Detección y Clasificación de Retinopatía Diabética No Proliferativa usando una Red Neuronal de Retropropagación

 

 

Jesús Salvador Velázquez-González1, Alberto Jorge Rosales-Silva1*, Francisco Javier Gallegos-Funes1, Guadalupe de Jesús Guzmán-Bárcenas2

1 Escuela Superior de Ingeniería Mecánica y Eléctrica Unidad Zacatenco, Instituto Politécnico Nacional. Av. Luis Enrique Erro s/n, Unidad Profesional Adolfo López Mateos, Zacatenco, Delegación Gustavo A. Madero. C.P. 07738. México D.F., México.

2 Centro Interdisciplinario de Ciencias de la Salud Unidad Santo Tomas, Instituto Politécnico Nacional. Av. de los Maestros s/n casi esquina, Calzada de los Gallos Col., Santo Tomás, Delegación Miguel Hidalgo. C.P. 11340. México D.F., México.
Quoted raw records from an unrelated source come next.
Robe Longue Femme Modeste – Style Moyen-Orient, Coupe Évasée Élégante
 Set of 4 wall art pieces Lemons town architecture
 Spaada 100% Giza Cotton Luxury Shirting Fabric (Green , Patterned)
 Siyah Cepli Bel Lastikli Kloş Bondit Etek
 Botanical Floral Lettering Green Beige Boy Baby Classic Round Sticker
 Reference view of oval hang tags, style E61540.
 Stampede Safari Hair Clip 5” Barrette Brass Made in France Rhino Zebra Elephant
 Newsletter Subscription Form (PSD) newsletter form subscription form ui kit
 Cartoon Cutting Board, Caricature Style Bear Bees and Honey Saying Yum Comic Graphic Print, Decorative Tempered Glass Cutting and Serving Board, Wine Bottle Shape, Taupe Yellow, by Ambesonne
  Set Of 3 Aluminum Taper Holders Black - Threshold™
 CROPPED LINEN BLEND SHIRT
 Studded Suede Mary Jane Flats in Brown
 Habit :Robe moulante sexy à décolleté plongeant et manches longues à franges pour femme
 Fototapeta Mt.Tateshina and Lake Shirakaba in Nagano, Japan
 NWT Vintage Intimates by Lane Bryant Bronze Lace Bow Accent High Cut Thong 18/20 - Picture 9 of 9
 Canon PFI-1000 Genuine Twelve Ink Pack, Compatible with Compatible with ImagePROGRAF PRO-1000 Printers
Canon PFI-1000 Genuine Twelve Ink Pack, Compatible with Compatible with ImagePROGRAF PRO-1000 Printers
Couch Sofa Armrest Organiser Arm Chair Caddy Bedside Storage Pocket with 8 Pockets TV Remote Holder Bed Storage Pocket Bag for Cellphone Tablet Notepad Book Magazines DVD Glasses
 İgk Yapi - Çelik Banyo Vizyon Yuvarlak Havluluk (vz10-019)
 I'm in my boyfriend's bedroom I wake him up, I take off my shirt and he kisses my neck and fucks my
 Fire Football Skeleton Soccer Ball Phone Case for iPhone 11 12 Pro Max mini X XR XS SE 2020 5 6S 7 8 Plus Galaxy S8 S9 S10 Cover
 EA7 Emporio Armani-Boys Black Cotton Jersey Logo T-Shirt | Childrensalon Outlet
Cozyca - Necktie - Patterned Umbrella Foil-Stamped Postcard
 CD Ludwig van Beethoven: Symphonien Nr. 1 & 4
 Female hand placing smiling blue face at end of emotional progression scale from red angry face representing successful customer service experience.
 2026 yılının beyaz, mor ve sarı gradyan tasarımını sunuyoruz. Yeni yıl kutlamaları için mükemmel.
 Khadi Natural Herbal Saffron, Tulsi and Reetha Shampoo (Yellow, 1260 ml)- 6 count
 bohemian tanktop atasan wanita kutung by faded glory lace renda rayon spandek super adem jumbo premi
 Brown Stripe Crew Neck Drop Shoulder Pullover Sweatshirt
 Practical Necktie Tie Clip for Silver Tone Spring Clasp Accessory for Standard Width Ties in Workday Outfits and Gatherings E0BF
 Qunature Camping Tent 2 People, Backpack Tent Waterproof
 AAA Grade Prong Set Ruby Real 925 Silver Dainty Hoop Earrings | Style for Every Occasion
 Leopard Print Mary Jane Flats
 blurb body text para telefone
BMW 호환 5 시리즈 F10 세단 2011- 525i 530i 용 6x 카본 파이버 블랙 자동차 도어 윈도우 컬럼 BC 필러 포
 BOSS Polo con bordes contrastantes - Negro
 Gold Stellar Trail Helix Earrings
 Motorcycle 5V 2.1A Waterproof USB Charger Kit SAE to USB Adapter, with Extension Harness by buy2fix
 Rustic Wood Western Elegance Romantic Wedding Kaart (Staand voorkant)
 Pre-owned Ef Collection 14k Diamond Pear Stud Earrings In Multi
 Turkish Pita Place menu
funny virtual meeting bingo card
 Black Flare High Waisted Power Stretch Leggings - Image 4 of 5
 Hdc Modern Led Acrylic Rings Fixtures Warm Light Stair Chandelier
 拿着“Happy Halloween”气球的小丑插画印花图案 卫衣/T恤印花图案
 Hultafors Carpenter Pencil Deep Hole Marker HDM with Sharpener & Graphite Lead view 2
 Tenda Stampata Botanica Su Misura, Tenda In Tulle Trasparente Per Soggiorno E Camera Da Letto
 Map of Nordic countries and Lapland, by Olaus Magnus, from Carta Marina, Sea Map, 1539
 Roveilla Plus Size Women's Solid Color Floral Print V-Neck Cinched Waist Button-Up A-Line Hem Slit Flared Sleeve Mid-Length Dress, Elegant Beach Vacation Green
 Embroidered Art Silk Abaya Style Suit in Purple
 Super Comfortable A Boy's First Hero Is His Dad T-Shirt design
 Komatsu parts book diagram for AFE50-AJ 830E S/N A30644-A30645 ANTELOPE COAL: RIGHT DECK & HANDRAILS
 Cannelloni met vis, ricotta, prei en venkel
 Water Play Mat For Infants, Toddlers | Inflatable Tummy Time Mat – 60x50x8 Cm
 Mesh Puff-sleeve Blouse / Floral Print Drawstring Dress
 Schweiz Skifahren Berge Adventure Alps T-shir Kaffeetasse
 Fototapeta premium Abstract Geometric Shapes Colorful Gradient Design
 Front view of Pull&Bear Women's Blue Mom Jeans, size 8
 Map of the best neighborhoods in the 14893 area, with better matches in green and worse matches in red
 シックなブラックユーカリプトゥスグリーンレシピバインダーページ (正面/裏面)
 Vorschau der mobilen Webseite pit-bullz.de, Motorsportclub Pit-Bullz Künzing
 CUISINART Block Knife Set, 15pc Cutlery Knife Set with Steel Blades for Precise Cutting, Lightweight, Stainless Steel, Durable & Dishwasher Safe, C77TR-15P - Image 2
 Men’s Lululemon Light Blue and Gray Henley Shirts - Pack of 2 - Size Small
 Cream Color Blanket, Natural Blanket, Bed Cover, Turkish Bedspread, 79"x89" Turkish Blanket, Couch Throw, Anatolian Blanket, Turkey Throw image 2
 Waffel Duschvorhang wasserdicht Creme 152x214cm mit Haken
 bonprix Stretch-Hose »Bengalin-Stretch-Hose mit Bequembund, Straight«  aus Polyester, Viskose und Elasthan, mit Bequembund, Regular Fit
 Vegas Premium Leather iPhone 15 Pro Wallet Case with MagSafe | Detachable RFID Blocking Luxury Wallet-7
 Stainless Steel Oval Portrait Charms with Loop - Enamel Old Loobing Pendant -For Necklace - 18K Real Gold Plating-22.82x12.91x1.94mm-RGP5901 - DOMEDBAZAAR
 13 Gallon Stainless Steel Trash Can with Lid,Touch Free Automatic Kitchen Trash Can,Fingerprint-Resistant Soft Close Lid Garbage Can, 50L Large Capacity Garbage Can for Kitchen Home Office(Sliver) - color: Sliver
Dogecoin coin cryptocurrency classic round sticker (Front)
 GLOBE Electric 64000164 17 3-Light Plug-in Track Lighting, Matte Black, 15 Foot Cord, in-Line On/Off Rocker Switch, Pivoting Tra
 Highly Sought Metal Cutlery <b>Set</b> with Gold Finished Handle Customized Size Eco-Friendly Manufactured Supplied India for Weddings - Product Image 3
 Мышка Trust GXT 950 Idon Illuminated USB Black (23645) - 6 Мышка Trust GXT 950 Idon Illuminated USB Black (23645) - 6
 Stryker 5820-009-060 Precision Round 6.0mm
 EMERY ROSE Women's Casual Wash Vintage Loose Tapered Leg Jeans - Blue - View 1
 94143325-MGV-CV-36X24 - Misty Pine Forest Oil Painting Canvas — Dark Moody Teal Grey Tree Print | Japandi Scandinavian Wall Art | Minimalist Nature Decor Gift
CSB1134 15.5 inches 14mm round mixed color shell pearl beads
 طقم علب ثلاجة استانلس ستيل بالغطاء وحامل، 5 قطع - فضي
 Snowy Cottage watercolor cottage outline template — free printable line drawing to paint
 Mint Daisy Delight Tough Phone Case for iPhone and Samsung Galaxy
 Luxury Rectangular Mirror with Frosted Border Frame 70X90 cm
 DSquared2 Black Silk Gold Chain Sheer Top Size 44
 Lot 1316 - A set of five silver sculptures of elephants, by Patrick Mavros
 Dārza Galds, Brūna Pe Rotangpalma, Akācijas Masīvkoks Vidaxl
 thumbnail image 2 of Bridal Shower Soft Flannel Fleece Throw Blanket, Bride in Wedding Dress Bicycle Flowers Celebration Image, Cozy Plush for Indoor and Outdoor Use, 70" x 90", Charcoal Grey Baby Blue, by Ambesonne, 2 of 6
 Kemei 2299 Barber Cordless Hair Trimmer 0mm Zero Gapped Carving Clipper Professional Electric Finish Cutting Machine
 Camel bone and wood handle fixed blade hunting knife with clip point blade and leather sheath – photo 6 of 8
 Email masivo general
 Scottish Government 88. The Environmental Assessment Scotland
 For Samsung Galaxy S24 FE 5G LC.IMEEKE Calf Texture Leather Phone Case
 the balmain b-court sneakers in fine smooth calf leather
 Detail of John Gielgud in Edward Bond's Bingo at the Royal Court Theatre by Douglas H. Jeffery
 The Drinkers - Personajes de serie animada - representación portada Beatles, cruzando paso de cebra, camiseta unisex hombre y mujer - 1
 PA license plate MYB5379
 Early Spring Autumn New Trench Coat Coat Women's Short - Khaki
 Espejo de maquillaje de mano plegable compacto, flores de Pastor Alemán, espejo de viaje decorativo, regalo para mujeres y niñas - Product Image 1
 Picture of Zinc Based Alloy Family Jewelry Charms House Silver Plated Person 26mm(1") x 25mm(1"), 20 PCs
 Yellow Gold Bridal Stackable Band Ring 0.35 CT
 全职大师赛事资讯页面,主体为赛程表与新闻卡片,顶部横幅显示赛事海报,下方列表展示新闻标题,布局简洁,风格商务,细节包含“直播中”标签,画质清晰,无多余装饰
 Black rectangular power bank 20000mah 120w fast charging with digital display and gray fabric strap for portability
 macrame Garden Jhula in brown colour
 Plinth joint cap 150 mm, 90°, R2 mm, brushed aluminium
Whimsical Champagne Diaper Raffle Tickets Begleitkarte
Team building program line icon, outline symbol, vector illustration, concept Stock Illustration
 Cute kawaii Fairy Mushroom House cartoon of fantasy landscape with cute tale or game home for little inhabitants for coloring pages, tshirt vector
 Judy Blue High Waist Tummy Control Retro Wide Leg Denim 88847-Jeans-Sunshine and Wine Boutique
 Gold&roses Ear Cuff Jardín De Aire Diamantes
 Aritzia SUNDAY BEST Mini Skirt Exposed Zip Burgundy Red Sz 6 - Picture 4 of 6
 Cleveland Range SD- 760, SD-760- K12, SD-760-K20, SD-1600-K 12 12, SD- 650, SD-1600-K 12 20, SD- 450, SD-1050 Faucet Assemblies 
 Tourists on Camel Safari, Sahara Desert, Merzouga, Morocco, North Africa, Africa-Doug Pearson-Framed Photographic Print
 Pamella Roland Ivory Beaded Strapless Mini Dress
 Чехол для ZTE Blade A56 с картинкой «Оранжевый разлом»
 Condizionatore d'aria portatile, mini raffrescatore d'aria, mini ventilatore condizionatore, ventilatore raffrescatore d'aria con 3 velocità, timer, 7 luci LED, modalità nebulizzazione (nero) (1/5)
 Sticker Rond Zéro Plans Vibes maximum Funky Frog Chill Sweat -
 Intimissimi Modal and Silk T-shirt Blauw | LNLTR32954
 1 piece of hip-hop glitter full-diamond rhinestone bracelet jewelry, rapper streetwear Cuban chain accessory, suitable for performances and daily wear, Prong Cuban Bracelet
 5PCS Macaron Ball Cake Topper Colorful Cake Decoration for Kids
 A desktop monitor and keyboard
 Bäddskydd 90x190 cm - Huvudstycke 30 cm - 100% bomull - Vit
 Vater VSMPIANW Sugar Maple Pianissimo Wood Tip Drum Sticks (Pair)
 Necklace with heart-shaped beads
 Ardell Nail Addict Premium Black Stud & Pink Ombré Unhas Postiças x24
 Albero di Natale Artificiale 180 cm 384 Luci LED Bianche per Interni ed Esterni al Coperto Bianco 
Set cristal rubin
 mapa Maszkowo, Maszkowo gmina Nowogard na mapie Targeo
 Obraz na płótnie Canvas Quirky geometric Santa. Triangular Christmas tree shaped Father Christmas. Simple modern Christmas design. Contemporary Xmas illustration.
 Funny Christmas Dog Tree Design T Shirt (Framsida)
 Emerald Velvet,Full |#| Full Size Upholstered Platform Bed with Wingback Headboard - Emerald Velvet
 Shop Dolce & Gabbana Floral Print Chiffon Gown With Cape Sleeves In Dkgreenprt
* Corresponding author: Alberto Jorge Rosales Silva, e-mail: arosaless@ipn.mx

 

(Received February 12, 2014; accepted October 20, 2014)

 

 


Abstract

One of the most serious complications of type 2 Diabetes Mellitus (DM) is the Diabetic Retinopathy (DR). DR is a silent disease and is only recognized when the changes on the retina have progressed to a level at which treatment turns complicate, so an early diagnosis and referral to an ophthalmologist or optometrist for the management of this disease can prevent 98% of severe visual loss. The aim of this work is to automatically identify Non Diabetic Retinopathy (NDR), and Background Retinopathy using fundus images. Our results show a classification accuracy of 92%, with sensitivity and specifity of 95%.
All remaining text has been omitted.